How many savings accounts can I have? ›

There's no limit to the number of savings accounts you can have, but the key is to make sure you can manage them all. Learn why you may want to have as many savings accounts as you have savings goals, and what to consider when shopping for a savings account.

Are ISA accounts worth it? ›

For short-term goals such as an emergency fund or a holiday, ISAs and savings accounts can still be a good place to save up. For long-term savings such as retirement, however, you should consider investing to help your money grow over time.

How many lifetime ISAs can I have? ›

You're free to open as many Lifetime ISAs as you like from the ages of 18-39, however, you're only allowed to open one each tax year, and you can only claim the UK Government's 25% bonus on one.

Can I have $40,000 in an ISA? ›

If you're a married couple, you can put up to £40,000 in ISAs between you. Tax-free. Be aware. You can choose how much or little of this £20,000 allowance you want to invest each year but do bear in mind, you can't 'carry it over' to the next year.

What happens if I open two ISAs in one tax year? ›

You can pay into two ISAs in the same tax year provided they are different types of ISA. It would be fine to pay into both a cash ISA and a Stocks & Shares ISA in one tax year as long as you're below the £20,000 limit. You would not be able to pay into two different ISAs of the same type.

What are the rules for ISAs? ›

To open an ISA you need to be resident in the UK or (if you live abroad) either a crown servant yourself, or the spouse or civil partner of one. To open a cash ISA, you need to be 16 plus. For other kinds of ISA, it's 18 plus. And you can't open a Lifetime ISA once you're 40 or older.

Can I put $50,000 in a cash ISA? ›

ISAs are a simple way to grow your money in a tax-efficient manner. You can invest up to £20,000 in your ISA each year, whether it's a cash ISA, an innovative finance ISA, or a stocks and shares ISA, and you can watch your money grow within your tax-free wrapper, including any income you build up.

Can you become a millionaire from ISA? ›

To become an ISA millionaire, you need to invest a lot, and you need to invest consistently. One of the foundational steps to building your ISA millionaire portfolio is making full use of your ISA allowance each year.
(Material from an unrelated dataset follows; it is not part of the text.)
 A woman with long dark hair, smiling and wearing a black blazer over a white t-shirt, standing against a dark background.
What happens if I pay into two ISAs in one year? ›

What happens if I pay into more than one of the same type of ISA in a tax year? From April 6 2024, apart from Lifetime ISAs you can pay into multiple ISAs of the same type in the same tax year. It's important to remember that your ISA allowance is a total of £20,000; you don't get a new allowance for each account.
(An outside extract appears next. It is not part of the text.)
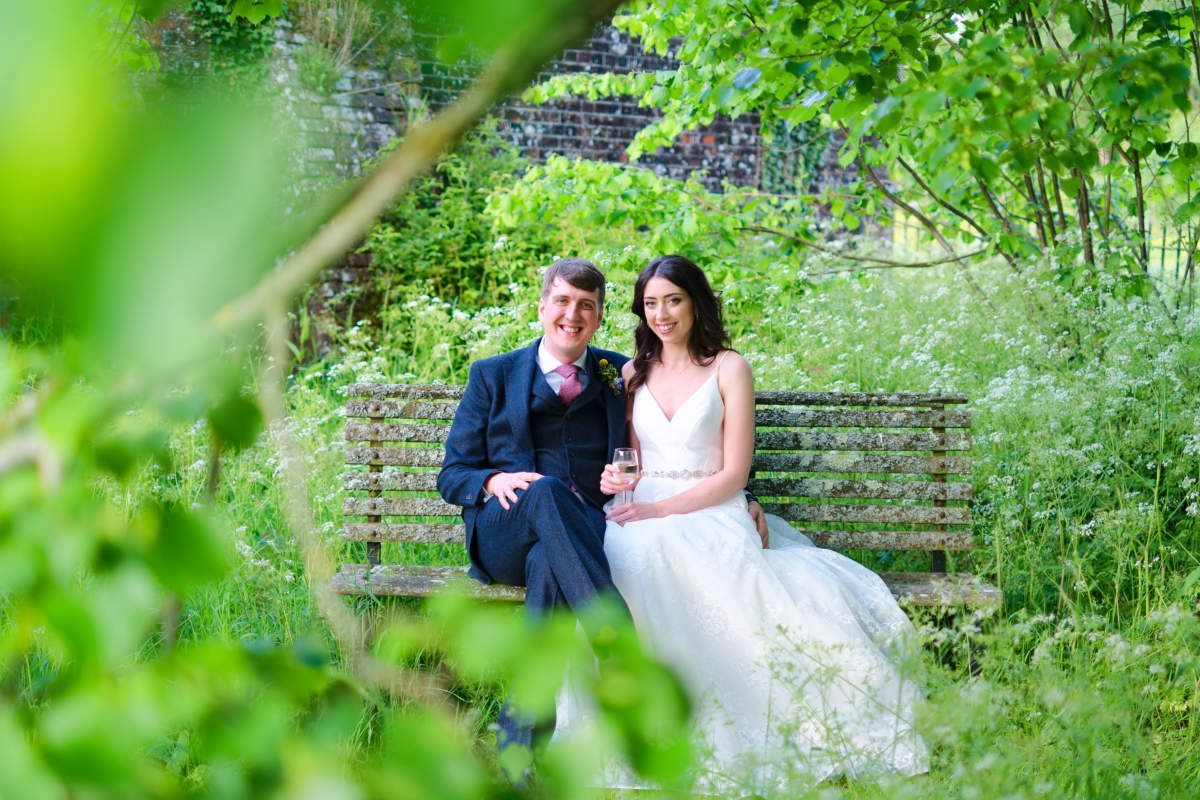 A bride and groom are sitting on a bench in a park.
Can I have a savings bond and an ISA at the same time? ›

Can you have a bond and an ISA? Yes, you don't always have to choose between an ISA or fixed rate bond - you can have both.

Can you move money from an ISA to a savings account? ›

You can take money out of your ISA by making a quick transfer via our Internet Bank or Banking app to your Nationwide current account or savings account. Or, if your ISA allows, you can withdraw cash or cheques in your local branch. There are certain limits on how much you can take out in branch each day.

Does moving money between ISAs count towards allowance? ›

If I transfer my previous years' deposits into a new ISA, does it count towards my current tax year ISA allowance? No, it doesn't. You are free to transfer previous years' ISA funds into a new cash or investment ISA and this won't count towards the current year's allowance.